About 50 schoolchildren asked for free meals from convenience stores in New Taipei City (新北市) on Tuesday, the first day of a city government project to provide free meals to underprivileged school children, officials said.
Under the plan, called “Happy Guardian Stations,” outlets of four convenience chain stores — 7-Eleven, FamilyMart, Hi-Life and OK Mart — will provide boxed meals, noodles, bread or beverages worth up to NT$80 to hungry children under the age of 18.
The program is based on the principle of “relief for those in an emergency, but not those in poverty.”
Children receiving free meals will be required to leave their contact information, and social welfare institutions will be contacted to arrange for other assistance if needed.
Lin Teng-chiao (林騰蛟), commissioner of the city’s Education Department, said many of the children were in distress, citing the example of a brother and sister in elementary school who live with their grandmother.
The grandmother was unable to provide them with dinner because she had high blood pressure, and they asked for help at a convenience store at 8pm, he said.
After they finished their meals, they thanked the store clerk, said Lin, who described the case as being in line with the “relief in an emergency, but not in poverty” principle.
In Banciao District (板橋), a child from a low-income family asked for a free meal because both parents work late.
The mother, after getting a call from a social worker, apologized and said she would remind her child not to go to the store to ask for a free meal again.
“We must leave the resources for the really needy,” she said.
An employee at a FamilyMart in Taishan District (泰山), surnamed Chu (朱), said the project was well-intended, but that the store still had to get accustomed to it.
“Those who really need the meals might be too shy to open their mouths [and ask for help],” she said.
New Taipei Mayor Eric Chu (朱立倫) expressed appreciation for the convenience chains’ support.
He said he hoped that the public would look at the plan in a positive light and understand that it is ultimately aimed at identifying those who need emergency assistance.

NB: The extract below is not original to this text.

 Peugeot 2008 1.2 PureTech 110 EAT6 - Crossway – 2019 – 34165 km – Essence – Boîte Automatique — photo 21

“As long as we can identify one out of 100 people who really needs help and provide follow-up assistance to avoid later tragedy, that will be good enough for us,” Lin said.
He said that about 18,000 students under the age of 18 in New Taipei City live in unstable family situations. There are another 15,000 school-aged children who are not in school and also need regular emergency assistance. Youngsters in both groups rarely get the help they need, and the project is aimed at preventing those children from falling through cracks in social services, Lin said.
The city government has asked participating stores to notify the city’s high-risk family center of a child’s request for a free meal within 24 hours so that social and education departments can arrange a visit to the family.
Lin said the NT$2 million (US$69,000) in funding for the project was provided by the Good Samaritans and not the city government, but he did not foresee any funding problems.
“We have received calls from people over the past few days saying that they wanted to make donations,” he said. “I don’t think we’ll have any trouble with finding funding.”
Education Department deputy commissioner Kung Ya-wen (龔雅雯) said the department has thought about how to handle those who abuse the program or those who use fake names to get free meals.
Kung said the department has decided on a “three strikes” principle, meaning that if the same person abuses the program or uses a false name three times, the individual will be turned over to police for identification and then be handed over to their school to be disciplined.